06 Ekim 2020 00:42

Cam işçisi yazdı: Koşullar kötü, fazla mesailer zorunlu

“Çalıştığımız fabrikada çayları biz işçiler cebimizden karşılıyoruz. Fazla mesaiye kaldığımızda yemeğimizi evimizden getiriyoruz ya da tost, bisküvi gibi şeylerle karnımızı doyuruyoruz.”

Fotoğraf: Pixabay

Paylaş

Cam İşçisi
İstanbul

Merhaba Evrensel okurları. Kurtköy Sanayi’de 400 işçinin çalıştığı cam fabrikasında çalışıyorum. Sizlerle biraz çalışma koşullarından bahsetmek istiyorum. Sabah 08.00’den akşam 21.00’e kadar çalışıyoruz.
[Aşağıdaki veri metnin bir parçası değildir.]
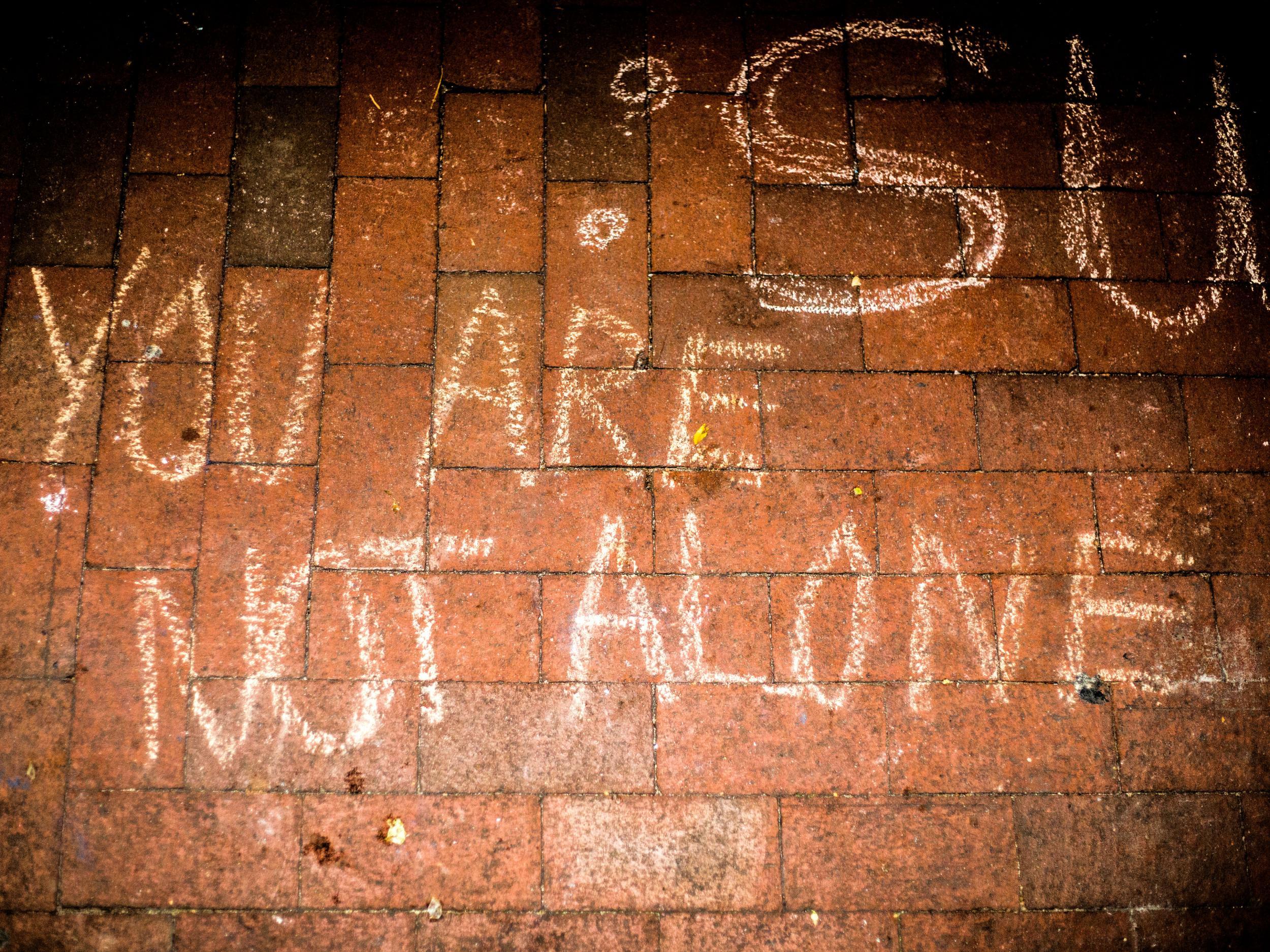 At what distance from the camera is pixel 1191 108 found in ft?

Haftanın 7 günü 13 saat fabrikada üretim yapıyoruz. Fazla mesailer zorunlu. Fazla mesaiye kalmak istemediğimizi söylediğimizde amirimiz “Ne işin var” deyip karşı çıkıyor.

Dışarıda bir işimiz olduğunda da izin verilmiyor. Geçenlerde bir arkadaş hastane randevusu almış, lakin izin alamadı. Bizlerin sağlık durumu onların hiç umurunda değil. Biz işçileri makine olarak görüyorlar, bizim ailemiz hayatımız yokmuş gibi üretime devam etmek zorunda bırakılıyoruz.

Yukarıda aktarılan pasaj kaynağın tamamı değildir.